If “Black Waterside” sounds familiar, it may be due to the fact that Jimmy Page brazenly “re-imagined” the song as “Black Mountain Side” on Led Zeppelin’s 1969 debut LP.
This is less an indictment of Page – an infamous plagiarist of folk and blues songs – than an acknowledgement of Bert Jansch’s (1943-2011) far-reaching influence, a guitarist of such renown that Neil Young once referred to the Scottish legend as the acoustic equivalent of Jimi Hendrix.
Jansch’s reputation among his fellow musicians was first established with the guitarist’s self-titled 1965 debut, which was seen at the time as an incredibly bold new direction for British folk music. Richie Unterberger wrote on AllMusic that Jansch recorded the album on a portable tape recorder with a borrowed guitar in the kitchen of his London flat.
Despite such humble origins, the album’s use of stark, original material combined with Jansch’s virtuoso guitar and plainspoken singing voice made an immediate impression on the British folk scene. The guitarist’s reputation was further enhanced by such releases as It Don’t Bother Me and Jack Orion.
(British pop troubadour Donovan even dedicated two songs to Jansch: “Bert’s Blues” and “House of Jansch.”)

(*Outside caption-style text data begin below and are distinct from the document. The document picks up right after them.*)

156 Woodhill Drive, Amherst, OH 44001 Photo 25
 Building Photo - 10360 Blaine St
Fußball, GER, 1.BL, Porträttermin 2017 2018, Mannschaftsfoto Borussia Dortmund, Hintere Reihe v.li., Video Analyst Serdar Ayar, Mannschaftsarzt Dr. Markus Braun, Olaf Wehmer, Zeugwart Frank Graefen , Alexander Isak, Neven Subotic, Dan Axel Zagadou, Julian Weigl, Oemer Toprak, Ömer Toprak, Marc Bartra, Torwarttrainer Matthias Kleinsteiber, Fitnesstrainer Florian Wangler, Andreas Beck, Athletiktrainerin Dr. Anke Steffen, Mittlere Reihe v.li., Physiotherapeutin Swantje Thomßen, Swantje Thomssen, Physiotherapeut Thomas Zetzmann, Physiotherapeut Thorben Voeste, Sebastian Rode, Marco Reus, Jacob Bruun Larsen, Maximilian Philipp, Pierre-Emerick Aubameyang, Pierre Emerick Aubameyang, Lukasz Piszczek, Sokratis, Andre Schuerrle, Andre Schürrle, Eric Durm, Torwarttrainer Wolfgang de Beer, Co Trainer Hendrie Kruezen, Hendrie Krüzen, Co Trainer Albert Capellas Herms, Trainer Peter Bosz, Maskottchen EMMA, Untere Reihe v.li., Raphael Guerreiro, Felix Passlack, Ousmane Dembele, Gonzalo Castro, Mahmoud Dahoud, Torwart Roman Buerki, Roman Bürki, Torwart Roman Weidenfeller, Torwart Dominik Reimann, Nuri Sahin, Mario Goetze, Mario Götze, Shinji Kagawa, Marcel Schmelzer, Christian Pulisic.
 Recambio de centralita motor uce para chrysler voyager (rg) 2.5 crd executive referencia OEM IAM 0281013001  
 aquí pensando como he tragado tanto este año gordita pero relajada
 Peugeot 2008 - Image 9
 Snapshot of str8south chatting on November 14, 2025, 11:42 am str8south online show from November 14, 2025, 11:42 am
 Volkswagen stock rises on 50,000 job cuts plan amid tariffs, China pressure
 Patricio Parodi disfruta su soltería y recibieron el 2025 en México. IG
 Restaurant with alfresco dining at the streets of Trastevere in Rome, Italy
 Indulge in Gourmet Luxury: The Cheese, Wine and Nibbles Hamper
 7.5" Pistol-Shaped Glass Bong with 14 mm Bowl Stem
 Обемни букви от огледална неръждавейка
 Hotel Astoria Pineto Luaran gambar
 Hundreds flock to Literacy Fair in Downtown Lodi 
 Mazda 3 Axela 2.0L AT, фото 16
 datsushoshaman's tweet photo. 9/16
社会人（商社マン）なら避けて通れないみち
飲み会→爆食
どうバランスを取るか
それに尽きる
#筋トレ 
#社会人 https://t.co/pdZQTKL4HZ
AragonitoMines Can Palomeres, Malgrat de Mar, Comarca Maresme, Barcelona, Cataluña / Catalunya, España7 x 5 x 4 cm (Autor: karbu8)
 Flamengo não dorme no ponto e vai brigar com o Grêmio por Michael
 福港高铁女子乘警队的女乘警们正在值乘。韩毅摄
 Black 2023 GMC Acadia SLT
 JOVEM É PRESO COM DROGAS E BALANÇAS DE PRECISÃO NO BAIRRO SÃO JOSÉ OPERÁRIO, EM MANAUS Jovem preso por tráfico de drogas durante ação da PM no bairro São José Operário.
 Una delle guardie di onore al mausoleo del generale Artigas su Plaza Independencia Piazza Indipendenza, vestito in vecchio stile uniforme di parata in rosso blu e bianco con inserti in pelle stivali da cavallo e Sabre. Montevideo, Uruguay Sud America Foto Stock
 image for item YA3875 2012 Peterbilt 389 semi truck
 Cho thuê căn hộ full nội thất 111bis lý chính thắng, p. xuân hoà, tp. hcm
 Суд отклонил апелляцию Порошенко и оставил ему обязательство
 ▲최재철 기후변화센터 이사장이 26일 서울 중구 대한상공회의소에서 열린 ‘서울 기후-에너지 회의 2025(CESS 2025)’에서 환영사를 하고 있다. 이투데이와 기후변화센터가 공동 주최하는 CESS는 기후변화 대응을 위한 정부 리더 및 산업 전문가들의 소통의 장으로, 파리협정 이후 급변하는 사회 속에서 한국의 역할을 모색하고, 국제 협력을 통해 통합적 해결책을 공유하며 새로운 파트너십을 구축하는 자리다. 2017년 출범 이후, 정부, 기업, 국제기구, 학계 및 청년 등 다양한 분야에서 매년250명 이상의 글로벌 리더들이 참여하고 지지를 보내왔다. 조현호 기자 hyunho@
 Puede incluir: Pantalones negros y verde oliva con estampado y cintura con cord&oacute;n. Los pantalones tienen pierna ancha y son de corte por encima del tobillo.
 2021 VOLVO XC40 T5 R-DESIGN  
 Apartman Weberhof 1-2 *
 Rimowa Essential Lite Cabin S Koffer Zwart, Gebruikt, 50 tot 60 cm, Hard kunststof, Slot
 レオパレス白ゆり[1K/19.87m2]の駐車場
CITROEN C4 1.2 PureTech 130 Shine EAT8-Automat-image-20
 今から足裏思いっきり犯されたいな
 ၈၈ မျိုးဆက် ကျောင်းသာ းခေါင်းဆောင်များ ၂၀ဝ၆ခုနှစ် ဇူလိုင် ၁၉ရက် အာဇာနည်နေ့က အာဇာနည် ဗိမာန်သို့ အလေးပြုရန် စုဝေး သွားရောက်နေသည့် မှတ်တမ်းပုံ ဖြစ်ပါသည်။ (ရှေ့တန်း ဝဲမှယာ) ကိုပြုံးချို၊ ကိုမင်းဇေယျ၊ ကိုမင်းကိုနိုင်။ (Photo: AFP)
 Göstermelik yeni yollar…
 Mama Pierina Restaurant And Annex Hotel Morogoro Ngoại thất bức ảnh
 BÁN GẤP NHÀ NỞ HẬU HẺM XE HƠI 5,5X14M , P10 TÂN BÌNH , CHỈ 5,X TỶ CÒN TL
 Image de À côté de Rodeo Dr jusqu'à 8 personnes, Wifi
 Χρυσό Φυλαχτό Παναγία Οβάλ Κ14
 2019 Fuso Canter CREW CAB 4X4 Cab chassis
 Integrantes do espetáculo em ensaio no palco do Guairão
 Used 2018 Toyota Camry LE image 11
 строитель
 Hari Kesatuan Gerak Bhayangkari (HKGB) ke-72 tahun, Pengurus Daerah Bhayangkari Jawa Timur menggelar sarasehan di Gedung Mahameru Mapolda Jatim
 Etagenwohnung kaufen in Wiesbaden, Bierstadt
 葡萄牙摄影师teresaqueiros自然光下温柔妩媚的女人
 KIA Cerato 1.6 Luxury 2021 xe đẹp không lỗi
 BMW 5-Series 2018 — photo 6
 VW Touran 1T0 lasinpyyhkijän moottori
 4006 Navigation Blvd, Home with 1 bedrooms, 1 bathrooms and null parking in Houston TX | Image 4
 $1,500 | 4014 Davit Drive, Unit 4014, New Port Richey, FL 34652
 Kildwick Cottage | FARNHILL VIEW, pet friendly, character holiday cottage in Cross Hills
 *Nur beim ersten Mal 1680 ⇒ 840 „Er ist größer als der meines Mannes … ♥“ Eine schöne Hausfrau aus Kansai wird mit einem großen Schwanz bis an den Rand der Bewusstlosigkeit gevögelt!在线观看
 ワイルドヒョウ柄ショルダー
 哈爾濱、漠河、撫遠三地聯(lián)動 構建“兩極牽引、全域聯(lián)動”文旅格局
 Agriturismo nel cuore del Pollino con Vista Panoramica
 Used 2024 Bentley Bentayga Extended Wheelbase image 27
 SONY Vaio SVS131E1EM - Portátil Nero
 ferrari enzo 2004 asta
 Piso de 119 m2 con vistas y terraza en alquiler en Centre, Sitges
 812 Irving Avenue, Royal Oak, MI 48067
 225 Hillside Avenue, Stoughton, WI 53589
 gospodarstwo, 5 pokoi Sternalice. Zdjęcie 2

In 1967-68, Jansch formed the genre-busting Pentangle with fellow guitarist John Renbourn, vocalist Jacqui McShee, bassist Danny Thompson and drummer Terry Cox. The band often performed folk standards infused with a jazz swing able to stand toe-to-toe with the likes of Charles Mingus.
“Light Flight” from Basket Of Light even hit the British pop charts.
On the whole, Jansch’s commercial fortunes never quite equalled his critical standing. Plagued by alcoholism, he disappeared for a time but re-emerged in the 1990s and continued to work until his death at the age of 67.
My deepest condolences to his family, friends and many fans.